Meanwhile, Bali was approaching-the Festival of lights, probably the longest weekend in India. I packed up the most necessary things, including a flashlight, sleeping bag and inflatable pillow, and left the hotel at 6 pm.

START OF THE JOURNEY

I need to get to the stop in front of the university, and then take two buses to the station in Kochi, a district in Hyderabad, and then wait for another bus to go in the direction I need. There is time to buy nuts, cookies and tumz up-a local coke. At night we leave Hyderabad, there are no more traffic jams, it is cool and dark, the bus accelerates along an empty highway.

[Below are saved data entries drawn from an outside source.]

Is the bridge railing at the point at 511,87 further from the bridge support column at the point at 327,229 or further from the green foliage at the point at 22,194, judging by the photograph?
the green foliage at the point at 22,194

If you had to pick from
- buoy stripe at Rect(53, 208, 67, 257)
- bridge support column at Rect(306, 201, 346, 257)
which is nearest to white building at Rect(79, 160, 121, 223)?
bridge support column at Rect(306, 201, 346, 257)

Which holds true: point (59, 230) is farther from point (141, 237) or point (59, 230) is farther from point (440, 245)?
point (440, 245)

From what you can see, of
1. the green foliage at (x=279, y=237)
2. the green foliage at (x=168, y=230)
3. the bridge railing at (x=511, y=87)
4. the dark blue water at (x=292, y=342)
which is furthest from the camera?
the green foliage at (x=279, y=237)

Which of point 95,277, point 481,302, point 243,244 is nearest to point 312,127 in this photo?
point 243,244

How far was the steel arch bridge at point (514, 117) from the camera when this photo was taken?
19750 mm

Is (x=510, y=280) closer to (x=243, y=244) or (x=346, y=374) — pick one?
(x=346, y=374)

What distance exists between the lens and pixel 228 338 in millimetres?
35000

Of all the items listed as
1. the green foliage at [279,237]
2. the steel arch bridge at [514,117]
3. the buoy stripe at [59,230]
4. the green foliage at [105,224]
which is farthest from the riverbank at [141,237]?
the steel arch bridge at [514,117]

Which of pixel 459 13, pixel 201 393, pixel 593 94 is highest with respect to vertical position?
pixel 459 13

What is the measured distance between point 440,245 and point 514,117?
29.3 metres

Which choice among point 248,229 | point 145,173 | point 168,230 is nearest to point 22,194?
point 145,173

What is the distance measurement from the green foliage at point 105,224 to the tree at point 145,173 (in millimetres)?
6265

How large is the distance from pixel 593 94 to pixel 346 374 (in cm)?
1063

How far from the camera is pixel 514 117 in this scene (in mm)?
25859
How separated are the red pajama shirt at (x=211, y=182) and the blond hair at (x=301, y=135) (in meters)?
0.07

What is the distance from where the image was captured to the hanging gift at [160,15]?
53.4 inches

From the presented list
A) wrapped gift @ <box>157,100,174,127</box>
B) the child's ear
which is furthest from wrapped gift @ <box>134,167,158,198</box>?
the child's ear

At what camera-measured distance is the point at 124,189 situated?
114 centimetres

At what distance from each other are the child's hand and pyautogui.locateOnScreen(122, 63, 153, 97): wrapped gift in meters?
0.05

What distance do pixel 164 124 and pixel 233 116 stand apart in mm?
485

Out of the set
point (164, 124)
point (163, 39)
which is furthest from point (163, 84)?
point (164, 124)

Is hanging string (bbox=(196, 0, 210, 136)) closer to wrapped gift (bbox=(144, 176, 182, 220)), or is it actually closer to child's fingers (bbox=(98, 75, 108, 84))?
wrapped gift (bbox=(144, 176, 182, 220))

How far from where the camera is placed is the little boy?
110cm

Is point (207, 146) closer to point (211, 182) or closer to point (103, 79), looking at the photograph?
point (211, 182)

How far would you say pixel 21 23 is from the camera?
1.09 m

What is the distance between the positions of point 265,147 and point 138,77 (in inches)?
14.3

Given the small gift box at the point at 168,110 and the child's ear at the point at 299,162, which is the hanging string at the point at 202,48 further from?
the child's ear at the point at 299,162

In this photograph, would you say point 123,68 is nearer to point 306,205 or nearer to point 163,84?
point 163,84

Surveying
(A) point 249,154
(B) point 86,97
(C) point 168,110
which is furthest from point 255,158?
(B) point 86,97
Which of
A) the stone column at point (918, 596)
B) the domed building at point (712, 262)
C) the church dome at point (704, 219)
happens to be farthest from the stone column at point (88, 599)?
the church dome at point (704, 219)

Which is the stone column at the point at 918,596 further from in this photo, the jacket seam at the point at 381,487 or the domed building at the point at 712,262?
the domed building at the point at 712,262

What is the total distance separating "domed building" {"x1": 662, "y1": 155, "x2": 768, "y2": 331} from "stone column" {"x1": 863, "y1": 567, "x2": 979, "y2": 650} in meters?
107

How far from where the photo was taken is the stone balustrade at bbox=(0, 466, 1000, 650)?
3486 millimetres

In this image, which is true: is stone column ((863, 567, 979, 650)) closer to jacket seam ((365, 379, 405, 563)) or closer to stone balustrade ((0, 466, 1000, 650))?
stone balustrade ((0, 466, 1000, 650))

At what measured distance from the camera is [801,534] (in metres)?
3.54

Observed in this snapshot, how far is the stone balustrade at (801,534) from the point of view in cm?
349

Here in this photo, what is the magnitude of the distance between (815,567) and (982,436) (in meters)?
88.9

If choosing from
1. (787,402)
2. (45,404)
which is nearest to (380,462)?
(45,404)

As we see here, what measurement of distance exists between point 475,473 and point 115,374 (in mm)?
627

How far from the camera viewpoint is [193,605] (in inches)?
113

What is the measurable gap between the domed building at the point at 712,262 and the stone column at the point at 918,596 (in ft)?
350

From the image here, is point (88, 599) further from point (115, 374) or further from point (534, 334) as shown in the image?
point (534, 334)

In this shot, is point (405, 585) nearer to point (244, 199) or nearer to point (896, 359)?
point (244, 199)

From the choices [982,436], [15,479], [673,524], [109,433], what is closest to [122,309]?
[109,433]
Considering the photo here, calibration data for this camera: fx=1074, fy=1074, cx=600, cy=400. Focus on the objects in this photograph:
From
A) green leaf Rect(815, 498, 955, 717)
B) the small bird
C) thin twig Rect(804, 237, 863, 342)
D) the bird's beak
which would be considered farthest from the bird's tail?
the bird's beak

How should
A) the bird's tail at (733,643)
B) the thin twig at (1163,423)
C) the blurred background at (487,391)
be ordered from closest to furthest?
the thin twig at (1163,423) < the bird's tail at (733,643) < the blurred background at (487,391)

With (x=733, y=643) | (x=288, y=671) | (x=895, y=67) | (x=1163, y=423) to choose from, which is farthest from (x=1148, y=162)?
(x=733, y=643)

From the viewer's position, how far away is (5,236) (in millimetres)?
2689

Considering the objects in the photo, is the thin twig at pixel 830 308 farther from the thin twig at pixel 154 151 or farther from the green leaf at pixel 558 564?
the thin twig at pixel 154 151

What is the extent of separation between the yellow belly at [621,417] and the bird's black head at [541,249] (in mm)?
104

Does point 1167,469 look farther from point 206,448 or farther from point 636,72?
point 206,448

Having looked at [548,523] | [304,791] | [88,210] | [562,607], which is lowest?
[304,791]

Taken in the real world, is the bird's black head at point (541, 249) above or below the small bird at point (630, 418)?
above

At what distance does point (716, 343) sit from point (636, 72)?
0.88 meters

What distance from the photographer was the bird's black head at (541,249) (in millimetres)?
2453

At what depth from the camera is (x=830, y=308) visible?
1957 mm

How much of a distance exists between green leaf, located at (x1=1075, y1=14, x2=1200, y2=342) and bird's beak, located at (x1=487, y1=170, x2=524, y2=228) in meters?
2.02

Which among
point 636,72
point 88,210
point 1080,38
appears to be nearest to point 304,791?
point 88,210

It is important not to oversleep the bus stop. Fortunately, on any long-distance Indian bus, apart from the driver, there are always a couple of young people sitting on the steps at the door or in the empty seats at the head of the bus. They woke me up in the middle of the night. There were almost no passengers left, and it was completely dark outside.

I get out, the bus pulls away and disappears around the bend, and I look around. There are no lights around, and in the moonlight, the leaning houses along the road look fantastic, like in a dream. I walk down the street, everywhere equally dark and quiet... Suddenly I see a lighted window, knock, and no one answers. I pull the door open, and it creaks open. I enter a large room with a light bulb and beds, some of which are occupied by people wrapped in colorful rags. There were not many options, so I put my backpack under the nearest bed and in five minutes I was gone, just like the whole village.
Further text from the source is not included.